I have never eaten any of these. I have never even heard of most of them. My mom made everything from scratch. When I moved away on my own is when my diet took a nose dive. 😝 And now I'm cooking from scratch, no processed foods, like my mom did. Amazing😊
That fridge is probably still ticking.
We weren’t allowed to eat that way at home. Mom was a real stickler about fresh foods. Also She thought it was too expensive . I’m so glad.
My mom bought me and my older brother 1- 8 pack bottle of pepsi, a package of 6 Hersey choc bars and a lgr bag of potato chips each friday when she went grocery store shopping. That was our treats for the week like after school. She would say on friday when she got home.... u can eat it all today or u can make it last till next friday but there wont be anymore till then...lol me and my brother became the best rationers and still are today...lol that was like around 1969 1970. My mom had $25 a week for groceries back then.

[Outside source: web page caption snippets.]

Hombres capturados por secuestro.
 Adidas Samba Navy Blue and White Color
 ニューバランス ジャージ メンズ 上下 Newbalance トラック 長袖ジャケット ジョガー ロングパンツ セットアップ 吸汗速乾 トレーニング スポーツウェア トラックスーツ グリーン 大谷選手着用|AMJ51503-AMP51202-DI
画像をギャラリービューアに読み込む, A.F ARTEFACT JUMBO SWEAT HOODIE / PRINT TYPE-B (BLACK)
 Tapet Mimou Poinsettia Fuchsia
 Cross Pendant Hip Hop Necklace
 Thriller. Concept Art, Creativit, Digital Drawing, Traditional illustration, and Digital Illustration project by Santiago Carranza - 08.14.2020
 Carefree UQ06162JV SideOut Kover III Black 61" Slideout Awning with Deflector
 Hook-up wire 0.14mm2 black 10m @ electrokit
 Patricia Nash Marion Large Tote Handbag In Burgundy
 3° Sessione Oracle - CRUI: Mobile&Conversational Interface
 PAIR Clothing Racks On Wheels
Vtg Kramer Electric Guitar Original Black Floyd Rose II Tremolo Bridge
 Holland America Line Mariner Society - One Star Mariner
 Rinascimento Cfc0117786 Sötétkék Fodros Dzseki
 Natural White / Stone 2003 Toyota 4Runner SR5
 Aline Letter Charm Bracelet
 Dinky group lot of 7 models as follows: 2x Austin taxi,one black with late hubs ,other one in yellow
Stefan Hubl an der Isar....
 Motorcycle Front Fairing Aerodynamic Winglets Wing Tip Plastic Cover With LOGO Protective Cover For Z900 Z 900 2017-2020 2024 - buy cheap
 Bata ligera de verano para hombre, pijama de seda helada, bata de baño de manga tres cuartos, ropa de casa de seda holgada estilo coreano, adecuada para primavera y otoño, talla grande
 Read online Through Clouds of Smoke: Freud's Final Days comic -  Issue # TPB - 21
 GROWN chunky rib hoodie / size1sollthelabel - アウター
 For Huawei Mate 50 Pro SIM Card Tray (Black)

That will get u a gallon of milk and a loaf of bread now days...lol My mom always put out a veggie garden in the backyard and a milkman that brought milk, eggs, cream, butter, all that stuff and they billed u monthly. Dont see that today...lol
@@sewforlife586 your mom was a wise women, practical too. You don’t see that either anymore these days.
What kid didn't love the cheesey toy in your cereal box. You used to get a juice glass in oatmeal and a bath towel in laundry soap. Whatever happened to free stuff? lol
😂😂😂 couldn't wait to open that new box of cereal🎉
I have a set of glasses I got at the gas station for filling up my car. Each fill up you got one glass. The ones everyone wanted were the ones that had the local sports team logos on them. This was in the 1980's.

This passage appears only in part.